- [TASK REQUIREMENTS] Down to the last line, print the data that follows exactly, without its pictures.

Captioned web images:

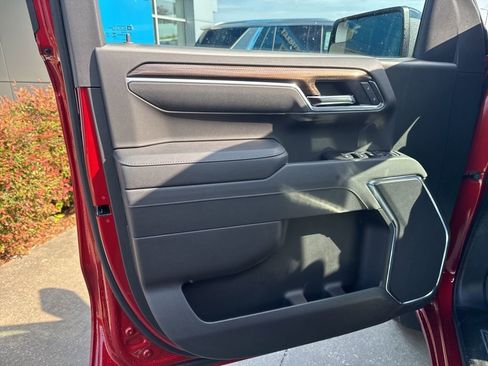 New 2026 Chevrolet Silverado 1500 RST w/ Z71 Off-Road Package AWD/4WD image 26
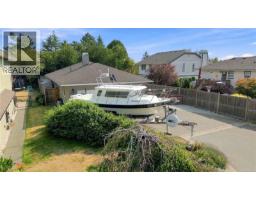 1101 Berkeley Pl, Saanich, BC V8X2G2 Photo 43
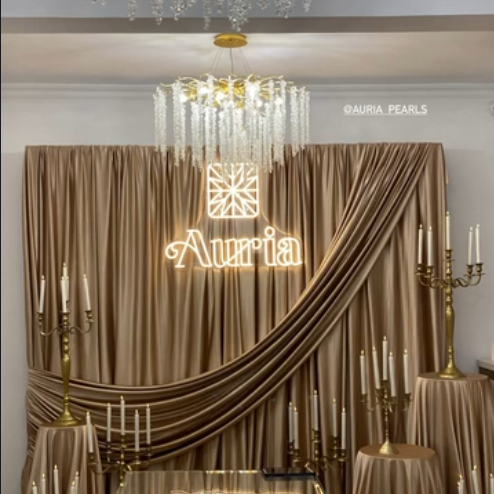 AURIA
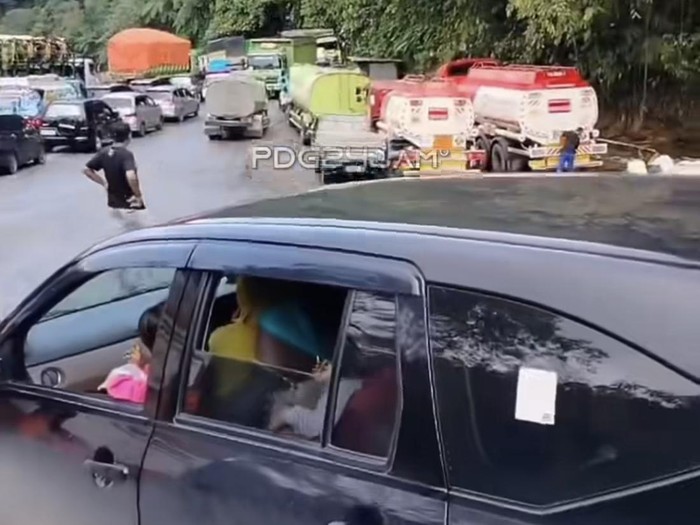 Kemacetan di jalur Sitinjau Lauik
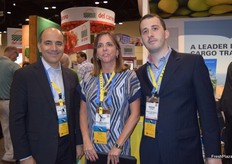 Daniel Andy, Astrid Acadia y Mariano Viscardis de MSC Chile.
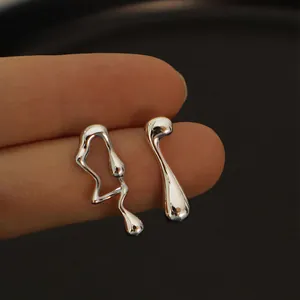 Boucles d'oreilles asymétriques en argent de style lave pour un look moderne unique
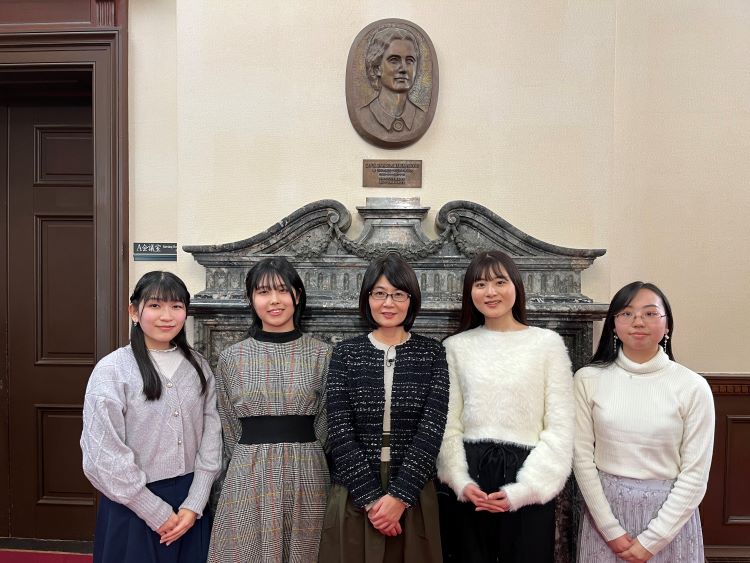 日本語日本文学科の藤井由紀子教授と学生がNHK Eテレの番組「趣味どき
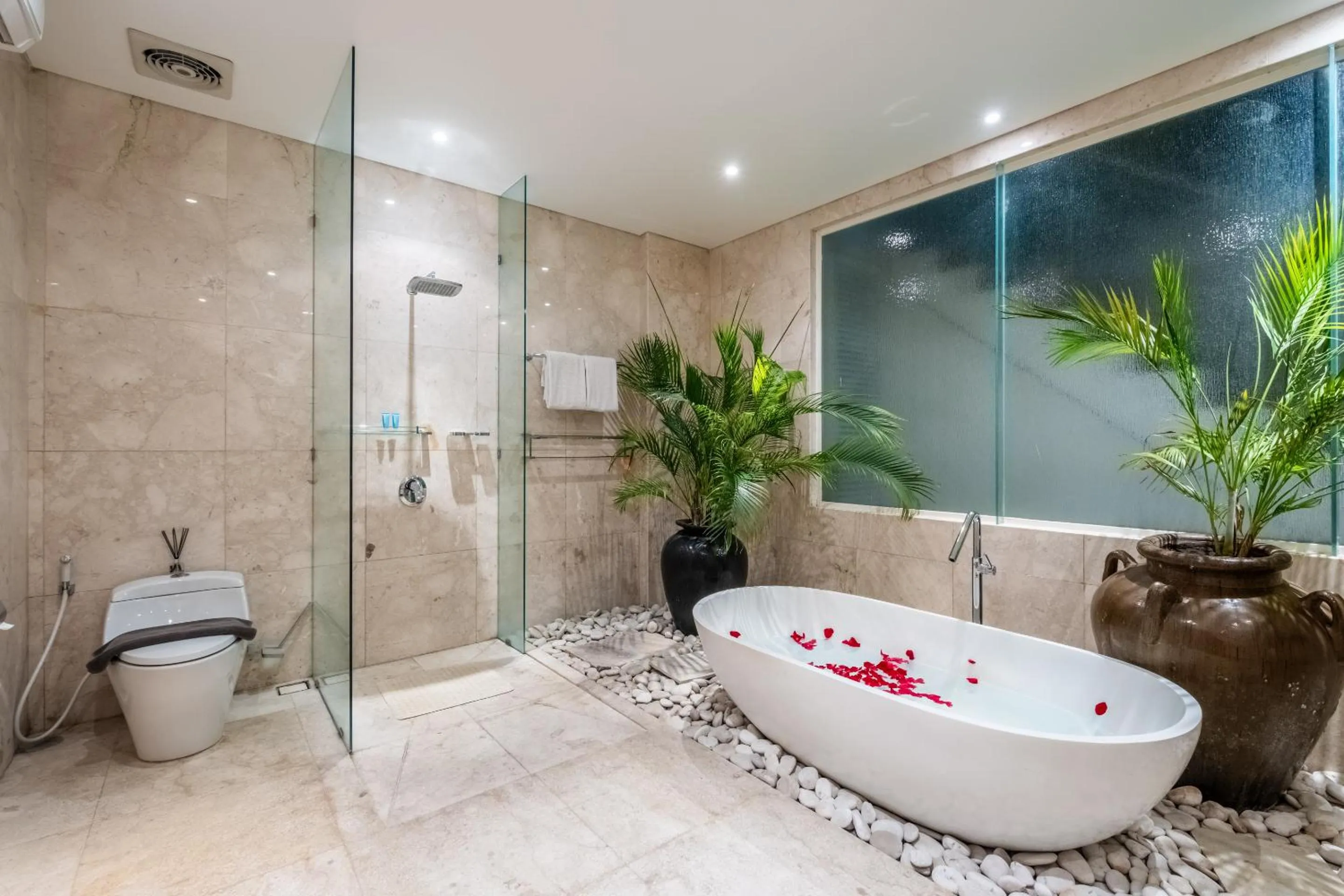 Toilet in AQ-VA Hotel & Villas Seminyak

- [RESPONSE]
 New 2026 Chevrolet Silverado 1500 RST w/ Z71 Off-Road Package AWD/4WD image 26
 1101 Berkeley Pl, Saanich, BC V8X2G2 Photo 43
 AURIA
 Kemacetan di jalur Sitinjau Lauik
 Daniel Andy, Astrid Acadia y Mariano Viscardis de MSC Chile.
 Boucles d'oreilles asymétriques en argent de style lave pour un look moderne unique
 日本語日本文学科の藤井由紀子教授と学生がNHK Eテレの番組「趣味どき
 Toilet in AQ-VA Hotel & Villas Seminyak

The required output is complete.